Discussion Questions: Week Six

1).Please discuss, in detail, what you learned from reading Chapter 6.  Discuss at least 2 things you learned. 


In Chapter 6 of the Epstein book I have learned numerous aspect of the spoken language or how people communicate. The first thing I have learned from Chapter 6 is when humans communicate at times we tend to leave out other possibilities that can lead to the same conclusion. For example, If Cindy bikes to work today. Cindy's car broke down again. So Cindy bikes to work. That statement is valid yet, its not a strong argument its a weak argument which uses conditionals. Its valid because it could happen Cindy's car could break down and she'll have to bike to work. Yet, there are other possibilities as well. Such as Cindy wanted to save money so she bikes rather than driving to work. Or she might want to keep her carbon footprint at a minimum so she bikes instead. Or rather Cindy's sister took her car so Cindy's didn't have the car. So all those scenario did not involve Cindy's car being broken. Thanks to chapter 6 I realize that there could be more than one reason why the person is doing what they're doing. Meaning you can't always believe what your friend says about that person. You would have to ask the person directly. Even then that person might be lying. Still, after reading that section I have learn to keep an open mind towards whatever people says because there are always another possibilities. The second thing I have learned from chapter 6 is that when people exaggerated circumstances its called a slippery slope argument. I am not new to this type of argument because I have a mom that tends to exaggerate many life scenarios to scare me. But it was good to know the name for that type of argument. I'm pretty sure we all have parents that exaggerate some parts of a life scenario so you wouldn't make mistakes. For example, when I started going out with boys in ninth grade. I remember my mom sat me down and told me that if I started dating boys at this age I would end up failing all my classes because I wouldn't focus on my school work. Also she adds I would then drop out of high school and end up pregnant and be homeless on the streets. Boy, that was a big slippery slope argument. Actually, it makes me laugh thinking about it now because when I was in ninth grade I actually believed her. But its all good my mom was just trying to protect me. :]

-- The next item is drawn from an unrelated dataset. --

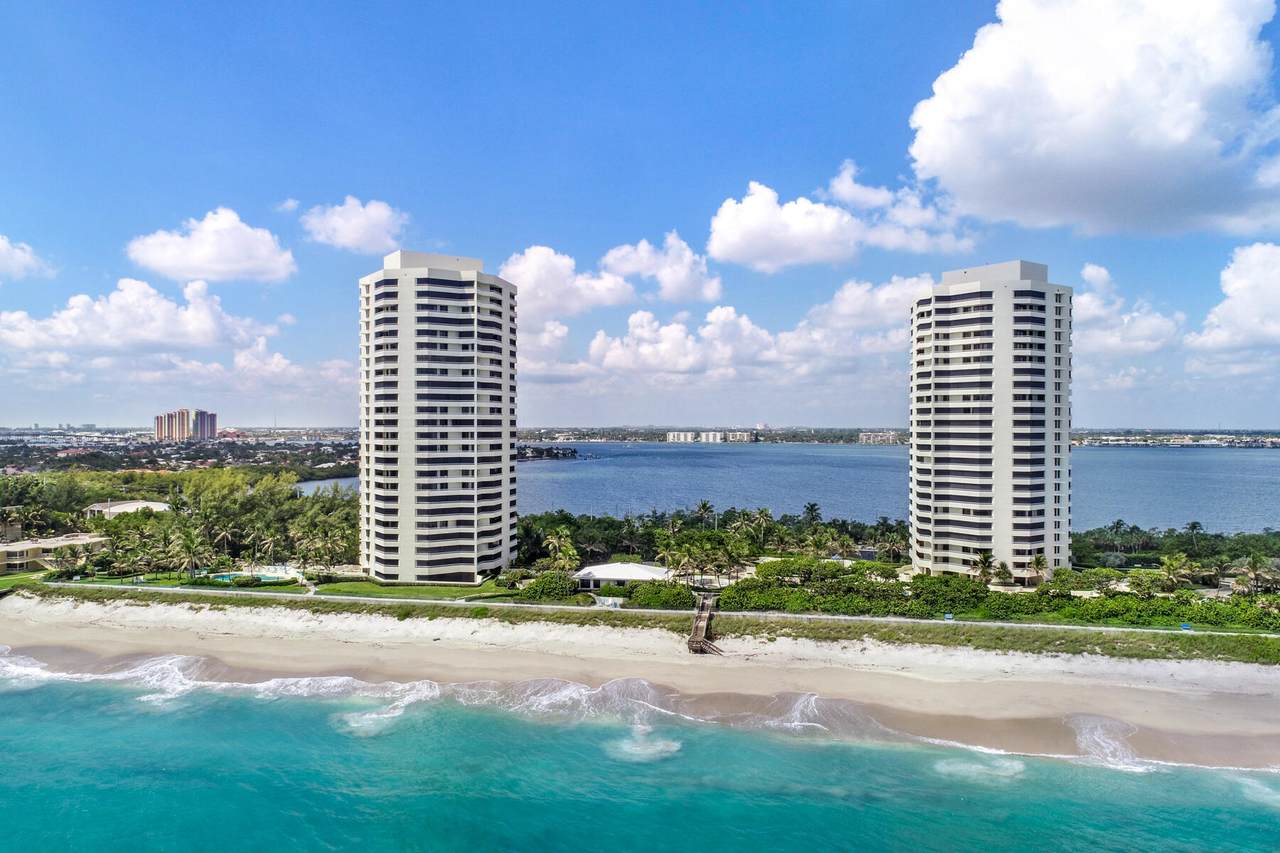 5070 Ocean Drive - Photo 1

Alright, those are the two things I have learned from chapter 6. Thank you for reading!

1 comment:

  1. Ellacomm,
    I enjoyed your post about what you learned from Epstein's Chapter 6. The slippery slope piece I found hilarious. In fact, my mom is also guilty of similar slippery slope arguments such as, "Kevin if you and your brother don't stop fighting you're going to end up with a horrible relationship for the rest of your lives...you only have one brother, treat him with respect."

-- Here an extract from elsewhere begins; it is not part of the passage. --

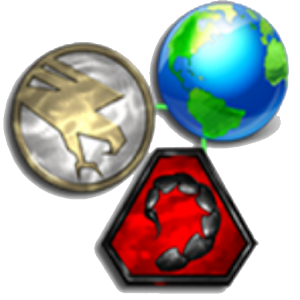 CnCNet.apk 1.3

    I consider this a slippery slope argument based off of the previous chapters teachings to base your judgement off of personal experience. So, as a matter a fact, I did not stop fighting with my brother until he moved out of the house and went to Sonoma State. Now, we have a great relationship and talk all the time. I came to the conclusion that "boys will be boys" based on my personal experience and all I've heard around me about siblings who fight.